The club has been an RSO at CMU for a little over a year now. In Rossman’s freshman year, they came up with the idea of the club and had a year to test it out. She was one of three founding members of the club, along with professor Morelli, who backed up the club members to become an RSO. Today the club consists of 10 individuals, of which Rossman is the only woman.
The most common used programs by the club are SketchUp and Unity, but they are currently learning and implementing 3DS Max and Maya, so they can then teach the programs to the masses during their meetings.

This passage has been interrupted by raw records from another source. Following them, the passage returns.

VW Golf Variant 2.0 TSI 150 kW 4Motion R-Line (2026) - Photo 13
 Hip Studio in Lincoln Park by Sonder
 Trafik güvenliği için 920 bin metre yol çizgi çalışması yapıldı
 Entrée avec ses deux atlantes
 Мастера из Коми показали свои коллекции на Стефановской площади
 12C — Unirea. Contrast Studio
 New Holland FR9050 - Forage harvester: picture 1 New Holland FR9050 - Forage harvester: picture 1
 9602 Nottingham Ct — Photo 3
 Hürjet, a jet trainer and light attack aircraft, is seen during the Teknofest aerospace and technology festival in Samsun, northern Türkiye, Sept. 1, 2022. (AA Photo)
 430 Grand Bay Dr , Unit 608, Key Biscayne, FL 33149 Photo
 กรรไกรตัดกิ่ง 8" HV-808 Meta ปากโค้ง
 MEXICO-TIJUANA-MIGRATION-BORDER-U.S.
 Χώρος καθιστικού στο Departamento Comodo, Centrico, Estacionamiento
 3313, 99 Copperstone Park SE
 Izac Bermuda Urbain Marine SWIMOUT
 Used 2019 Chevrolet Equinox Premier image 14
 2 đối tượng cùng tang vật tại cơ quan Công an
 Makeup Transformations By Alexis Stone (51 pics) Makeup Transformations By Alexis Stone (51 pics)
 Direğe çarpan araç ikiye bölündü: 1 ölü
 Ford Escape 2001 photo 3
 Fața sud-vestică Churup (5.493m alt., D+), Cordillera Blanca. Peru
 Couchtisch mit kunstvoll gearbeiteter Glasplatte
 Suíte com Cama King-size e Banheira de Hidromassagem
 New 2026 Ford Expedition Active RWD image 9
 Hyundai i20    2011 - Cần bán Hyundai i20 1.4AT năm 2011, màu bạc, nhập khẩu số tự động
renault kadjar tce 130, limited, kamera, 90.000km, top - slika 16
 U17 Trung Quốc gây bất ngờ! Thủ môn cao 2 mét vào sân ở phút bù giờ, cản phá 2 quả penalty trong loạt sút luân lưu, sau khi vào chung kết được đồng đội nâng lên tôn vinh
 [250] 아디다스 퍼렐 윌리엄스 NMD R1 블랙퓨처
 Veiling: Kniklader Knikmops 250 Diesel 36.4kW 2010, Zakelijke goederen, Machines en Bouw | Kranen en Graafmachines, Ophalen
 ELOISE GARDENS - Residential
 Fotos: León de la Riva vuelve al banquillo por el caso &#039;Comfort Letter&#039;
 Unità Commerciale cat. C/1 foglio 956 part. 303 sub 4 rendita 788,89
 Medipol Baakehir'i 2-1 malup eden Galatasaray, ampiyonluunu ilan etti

Rossman agrees that being president of a college level club has its low points. Recently, she has been struggling to try and get the group out to the Game Developers Conference, due to money and organization. But nonetheless, she still has a passion for the club.
However, the club has already produced its own success stories. One of the co-founders now lives off in San Francisco, writing about video games. Another member, a current student of Morelli’s, took a game made in CPS 482 and put it on the app store called Crossy Road.
After three years, the club is thriving. According to Rossman, from week to week the club usually brings in around 15 to 20 individuals eager to learn development and design from club members. The club meets every Wednesday evening at 6 p.m., typically in Pearce Hall 400.